* _Data records_:
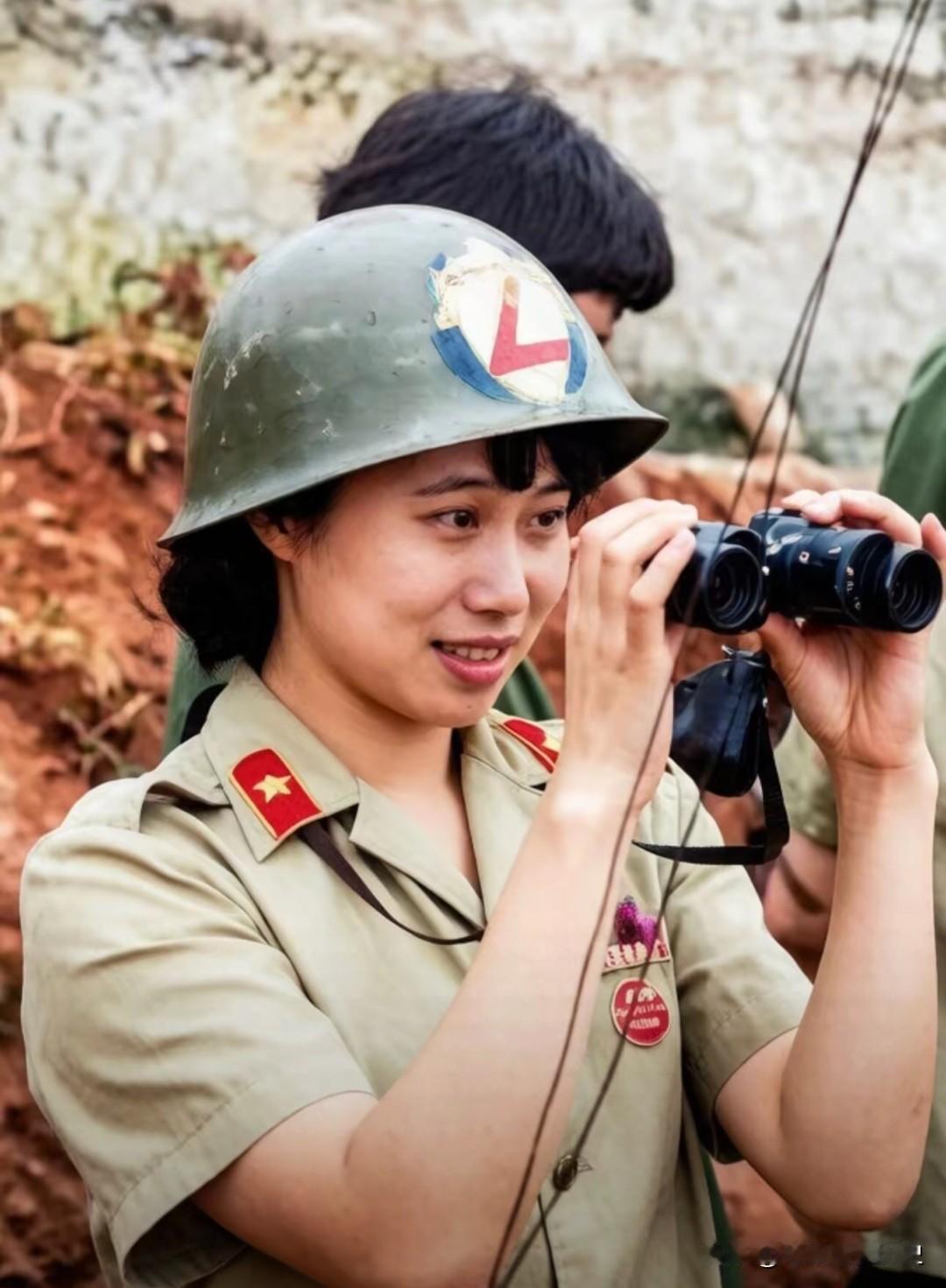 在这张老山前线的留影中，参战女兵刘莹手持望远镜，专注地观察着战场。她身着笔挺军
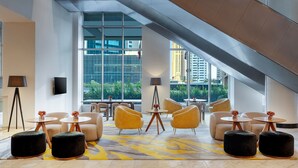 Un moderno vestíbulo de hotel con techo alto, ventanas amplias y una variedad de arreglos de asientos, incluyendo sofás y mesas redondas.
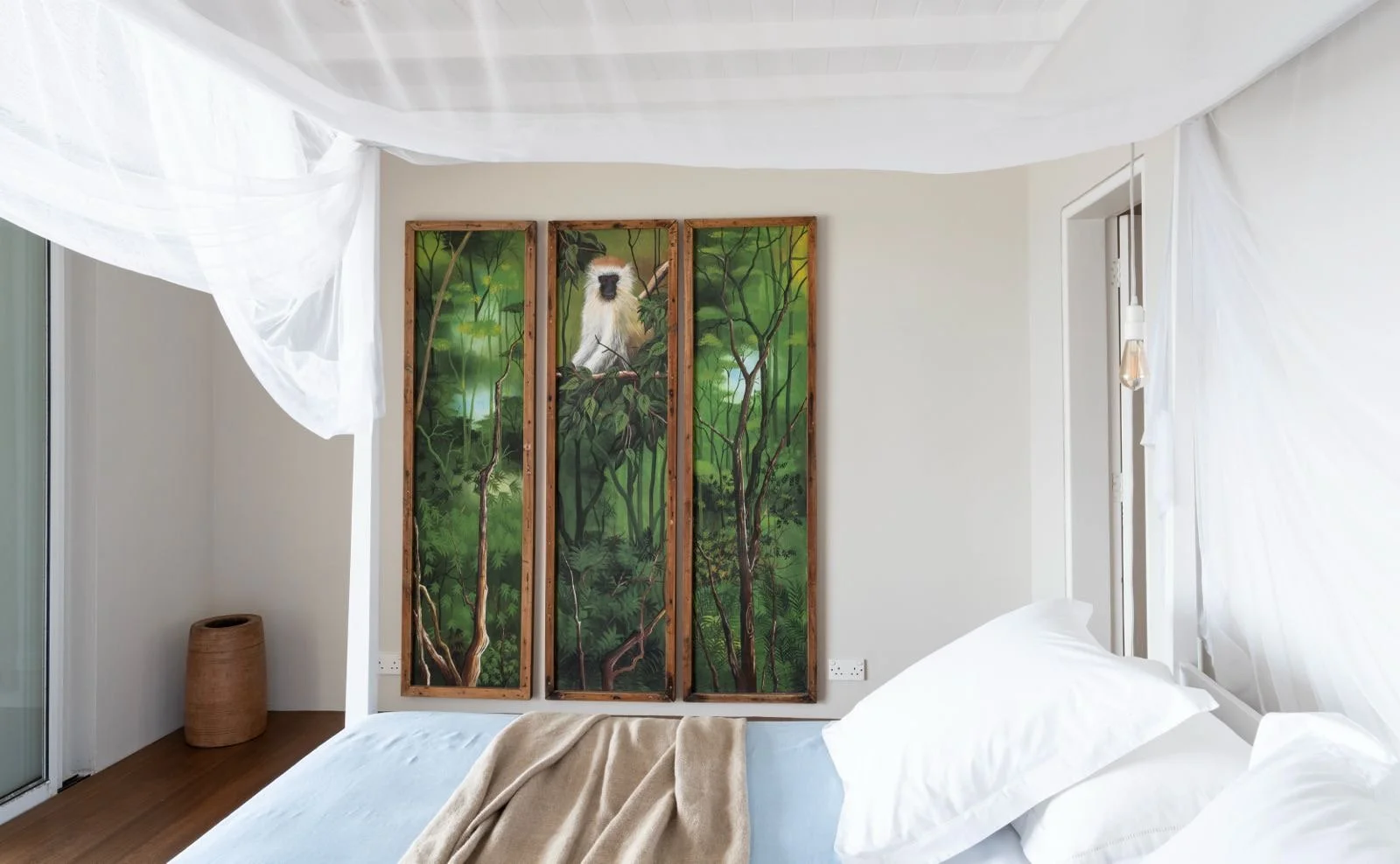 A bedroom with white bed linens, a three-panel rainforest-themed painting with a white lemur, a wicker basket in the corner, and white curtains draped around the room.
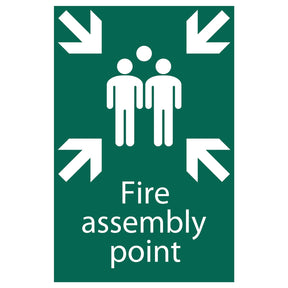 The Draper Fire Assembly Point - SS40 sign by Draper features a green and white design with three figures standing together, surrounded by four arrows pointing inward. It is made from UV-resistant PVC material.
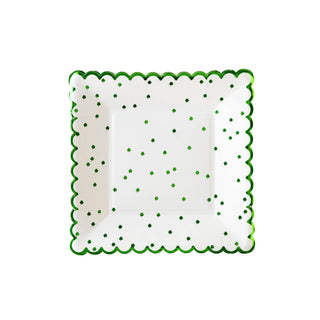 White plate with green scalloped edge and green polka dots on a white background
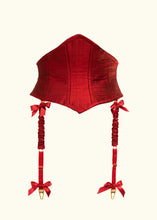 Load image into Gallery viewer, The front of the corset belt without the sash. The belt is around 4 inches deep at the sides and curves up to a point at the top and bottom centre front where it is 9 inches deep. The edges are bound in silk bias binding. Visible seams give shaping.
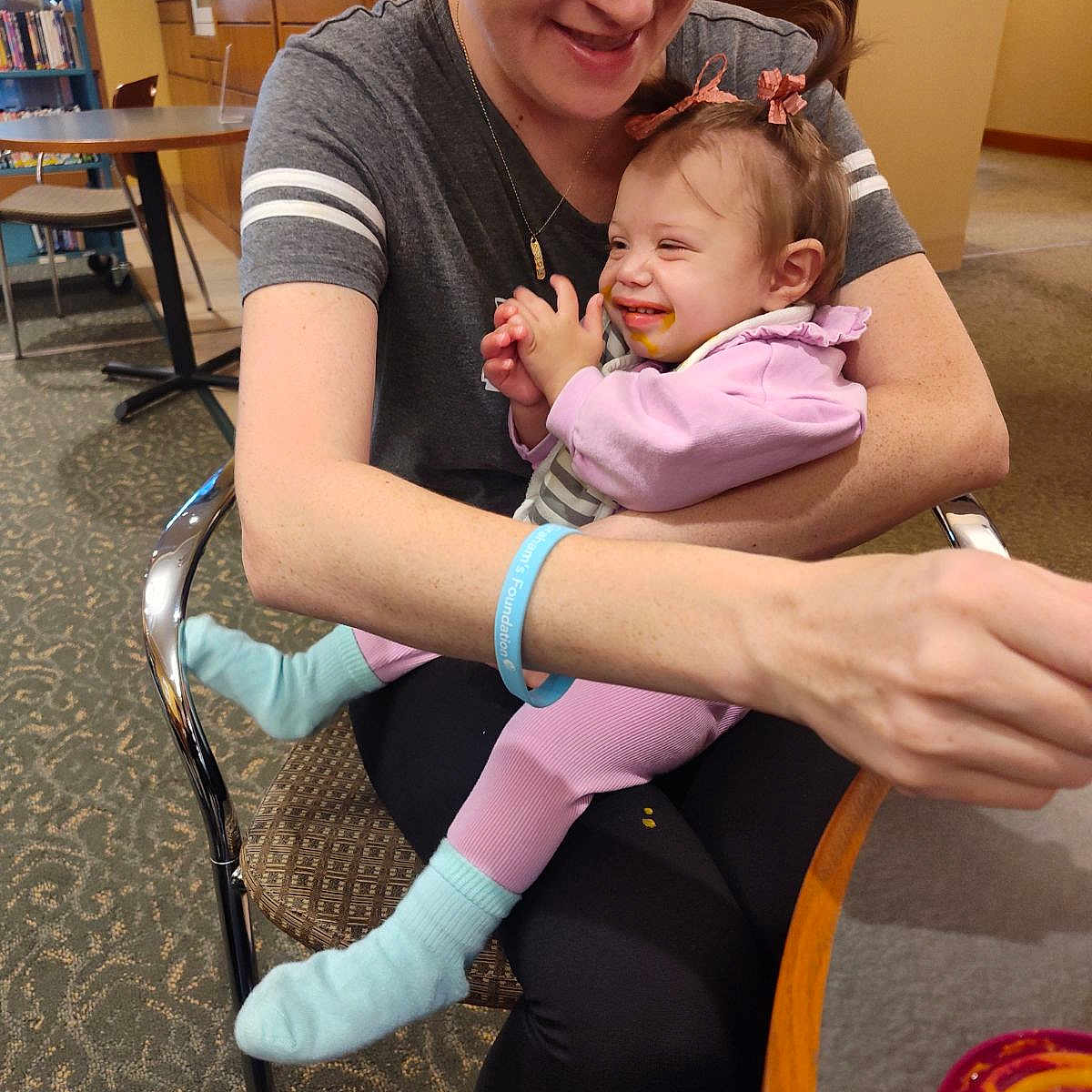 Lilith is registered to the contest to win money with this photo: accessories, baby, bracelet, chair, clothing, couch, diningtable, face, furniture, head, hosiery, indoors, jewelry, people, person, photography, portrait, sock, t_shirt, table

* _Task to complete_: Print only the lines running from the one containing "White plate with" to the end of the data above, exactly; include no pictures.

* _Solution to the problem_:
 White plate with green scalloped edge and green polka dots on a white background
 Load image into Gallery viewer, The front of the corset belt without the sash. The belt is around 4 inches deep at the sides and curves up to a point at the top and bottom centre front where it is 9 inches deep. The edges are bound in silk bias binding. Visible seams give shaping.
 Lilith is registered to the contest to win money with this photo: accessories, baby, bracelet, chair, clothing, couch, diningtable, face, furniture, head, hosiery, indoors, jewelry, people, person, photography, portrait, sock, t_shirt, table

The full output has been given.